About the Civil Aviation Rules
Whether aviation is your business or pleasure, from the moment you enter the aviation world, you must follow the Civil Aviation Rules. The Minister of the Crown who is authorised by the Prime Minister to be responsible for the Civil Aviation Act 1990, has the power to make Civil Aviation Rules. The Civil Aviation Rules are just like other Regulations made by the Government.
The Rules are made in the public interest, mostly for safety and security.
Everyone in aviation, whether a student pilot, engineer, air traffic controller, aircraft owner, builder, importer, insurer, Regulated Air Cargo Agent, or member of one of dozens of support organisations, needs to know which Rules apply to them and what they require.
The Rules provide a shared standard so that everyone understands how to operate correctly. They state the minimum level of safety required. If you do not operate at or above this level, you are breaking the law.

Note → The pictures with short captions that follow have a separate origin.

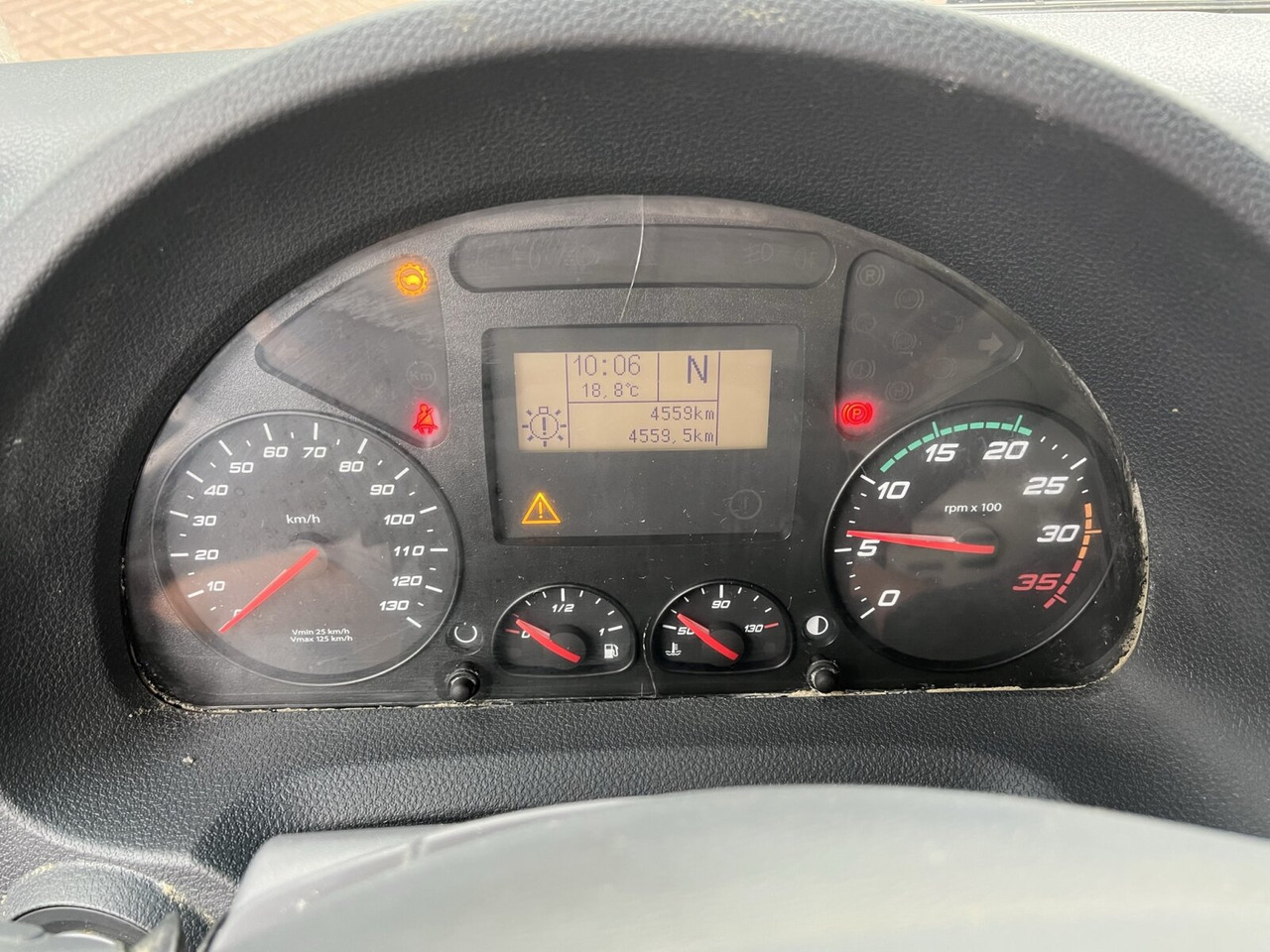 EuroCargo ML190EL32 4x2 EuroCargo ML190EL32 4x2 - Tipper: picture 3 EuroCargo ML190EL32 4x2 EuroCargo ML190EL32 4x2 - Tipper: picture 3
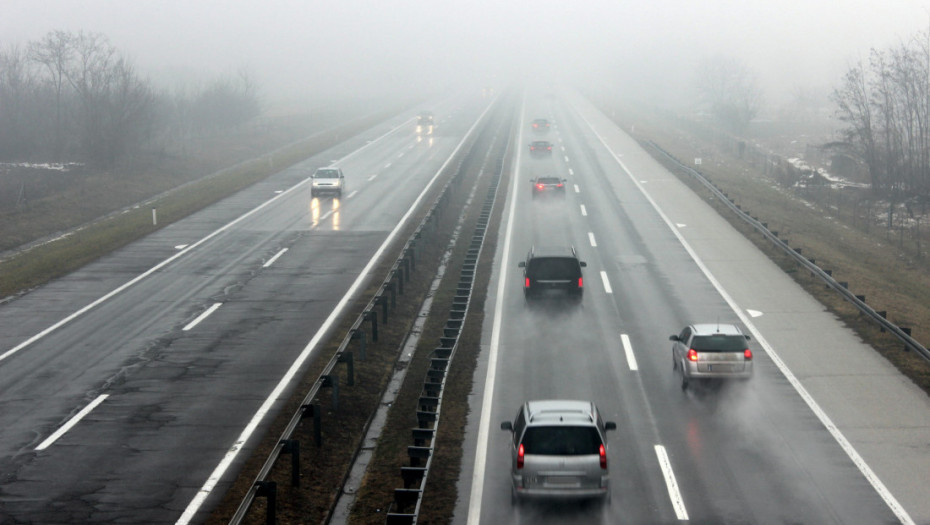 Putevi Srbije: Vidljivost na pojedinim deonicama auto-puta smanjena na 50 i 100 metara zbog magle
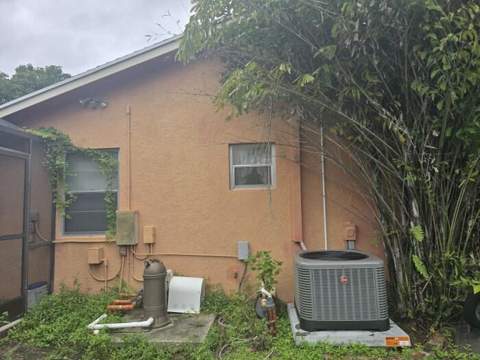 4758 Clinton Boulevard, Kenwood Estates FL - photo 9 of 28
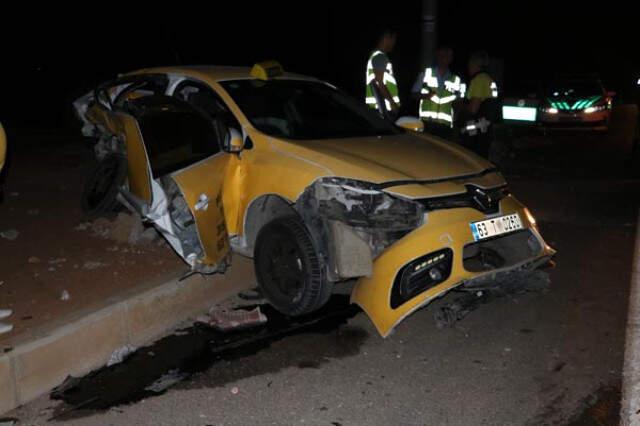 Şanlıurfa'da Taksi ile Otomobil Çarpıştı: Baba ve 2 Oğlu Hayatını Kaybetti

The Rules are divided into about 50 groups of related Rules called Parts. Each Part is identified by both a number and a name. Once you are familiar with them, you will probably just refer to the Parts that relate to you by number. For example, some of the things a private pilot needs to know about are gaining and maintaining their licence, the flying and airspace Rules, and how to report accidents. Part 61 tells you the requirements for getting a licence, Part 91 tells you the operating, airspace, and maintenance Rules, and Part 12 covers accident and incident reporting. Everyone also needs to know Part 1, which gives definitions and abbreviations for terms used in the rest of the Parts.